Wednesday, 2 November 2011

Absurd Revenge

The Chinese government was not satisfied with holding artist and activist Ai Weiwei -- illegally -- for nearly three months. The authorities have now slapped him with a 15 million RMB tax bill for back taxes and fines he apparently did not pay. He has 15 days to pay up.

However Ai feels the government's action is more a reprisal for his criticism of the the Communist Party.

"If it's a tax problem, I'll pay. But if it's not, I won't pay," he said.

He told the BBC he is only a designer in the design company Fake Cultural Development that his wife Lu Qing is the legal representative of. He added there were only three employees in the company.

Ai said his wife was given two notifications stating he had to pay more than 15 million RMB -- 6.8 million RMB in back taxes, 6.8 million RMB in penalties and around 3 million RMB for interest in delayed payments.

His lawyer Pu Zhiqiang thinks Ai will probably lose his freedom if he is not able to pay up.

"The penalty is targeting the [Fake] company... but if Ai and his company refuse to pay, the worst situation is that Ai will be arrested again by the authorities," Pu said. "The whole matter is ridiculous because so far there is no evidence to show that the [firm] is involved in tax evasion. And there is also a lack of an open and fair hearing on this case."
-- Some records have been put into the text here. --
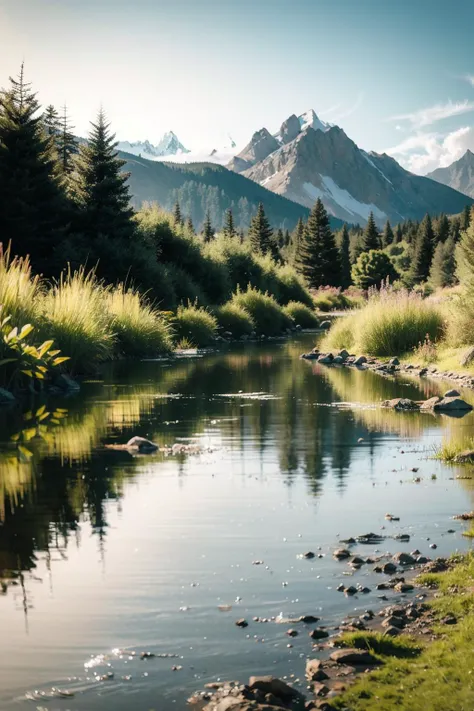 landscape, scenery, Under the setting sun, the mountains are surrounded by a mirror lake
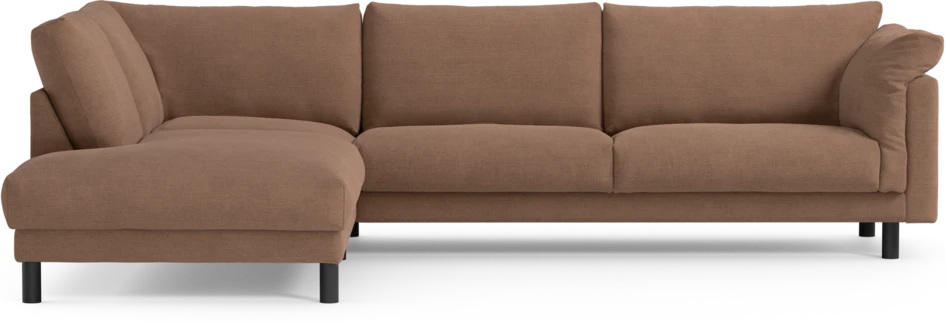 Cherrie - 3-sits soffa med divan vänster, fast klädsel - Orange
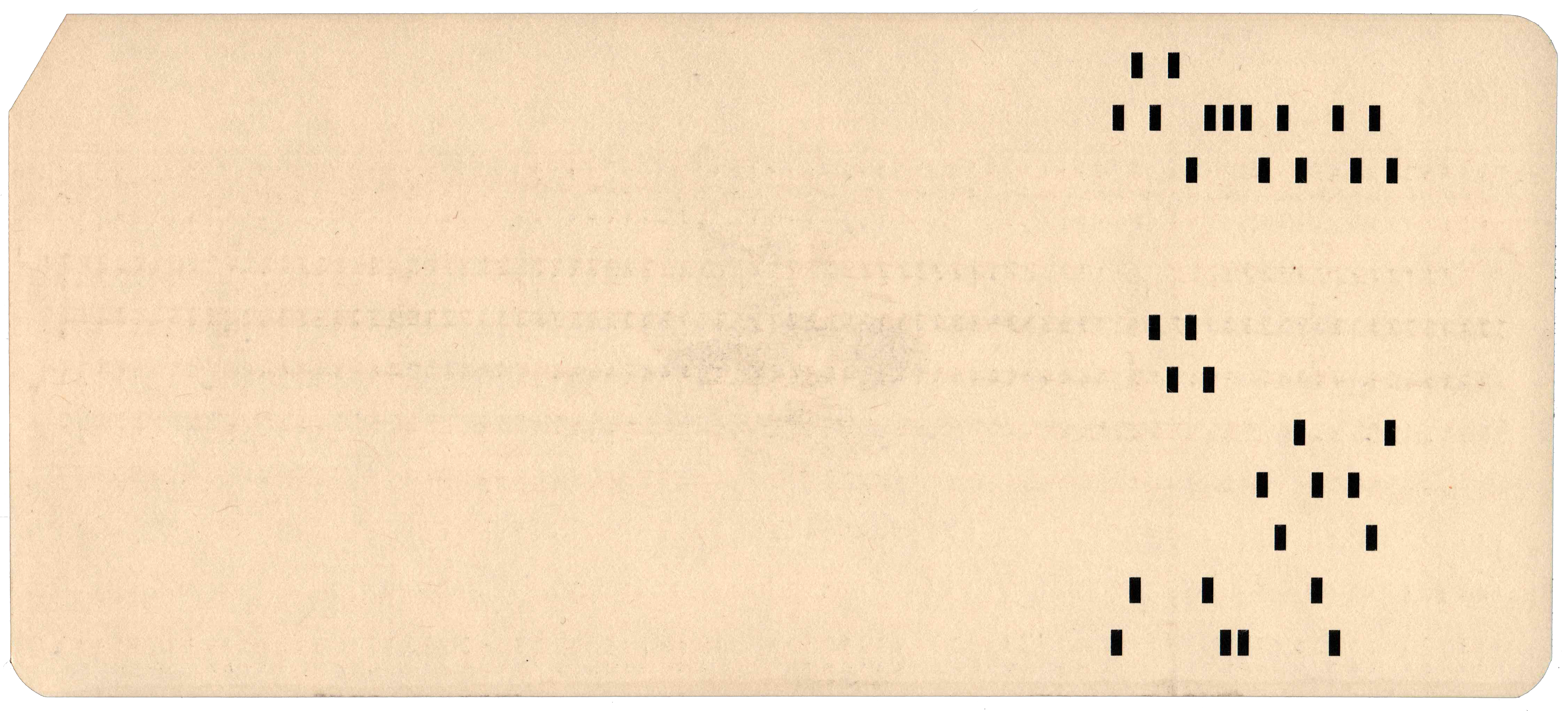 Back of punched card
Pu added the authorities confiscated the original documents from Ai's company, including its account books and records of its operations so they cannot check if these allegations are correct.

In addition, officials did not specify any particular transactions or dates when the company apparently failed to file their tax reports, Pu said.
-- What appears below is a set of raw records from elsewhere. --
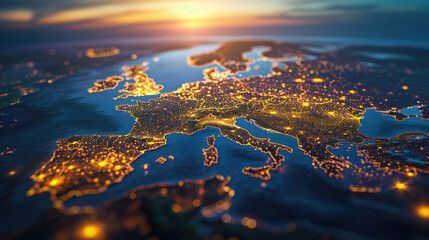 Glowing city lights of Europe seen from a satellite perspective during night time. - obrazy, fototapety, plakaty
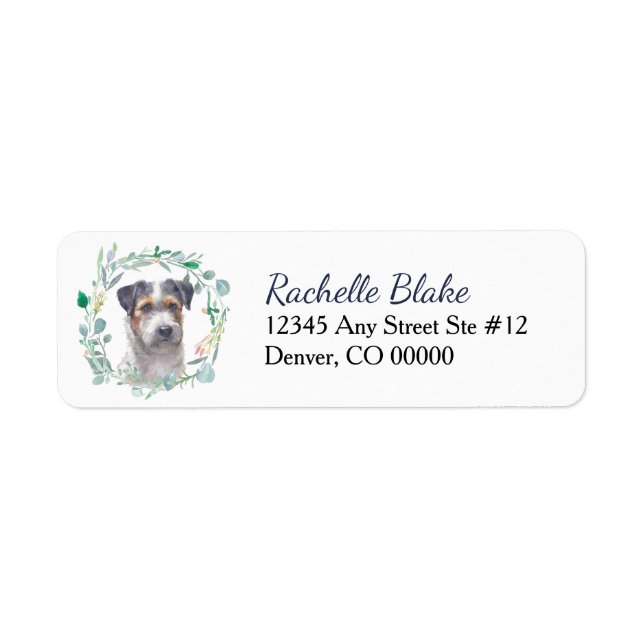 Tricolor Jack Russell Terrier Wreath Label (Front)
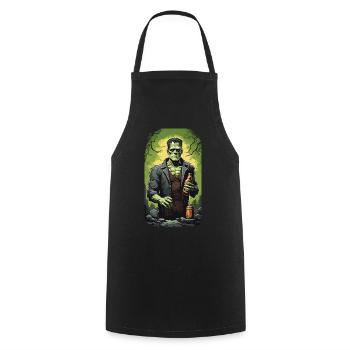 Spooky Beer Drinker Monster Halloween Design - Cooking Apron - black - Front - AI Model Male 185 dark (185cm)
"Accounts for tax purposes should be investigated by the tax bureau, not the police. But it's the police that took me away to an unknown place for 81 days to investigate taxes, Ai said yesterday.

"I just want to say, if a country is determined to do something in the world, it's a must to protect every citizen's human rights well [and] building up a fair legal system [is] the only option," said Ai. "However, I am feeling so [unsafe] in my country."

Ai felt the authorities were targeting him because even though he insisted he was only the designer of the company, the authorities claimed he was the "actual controller" of the firm.

"They finally made up this new title... I know this matter is targeted at me. The authorities warned that they would give me a hard time when I was detained," Ai said.

"The officials [from the Beijing taxation bureau] said that they are not fining me, but the Fake company. But when I asked: 'Why was my name singled out by the government, at the Foreign Ministry briefings?' They still said to me: 'This has nothing to do with you.'"

On his Twitter page, Ai wrote: "They [taxation officials] told me seriously: 'If the country says you have evaded taxes, then you must have evaded them.'"

He noted discrepancies in the tax amounts the authorities were charging him. He said when he was first detained in April the amount was 60 million RMB, and then after his release it dropped down to 20 million RMB.

"Now the authorities say they will set me free if I pay the [15 million RMB], set according to my financial capability," he said.

After the entire fiasco of detaining him and the massive international outcry, the authorities will not let go of Ai. It wants revenge, albeit a financial one to punish him for how he has made them look silly.

But in fact they are the ones creating more grief for themselves

In his interview with the BBC, the interviewer asked Ai how he was going to pay the fine. He said perhaps they would have to sell the family home and of course most people will be sympathetic to Ai's cause even more.

To make up monetary amounts for Ai to pay is outrageous without any clear indication of exactly what his company has done wrong.

But this is China, where they will do whatever they need to do to prove to themselves they are still in power.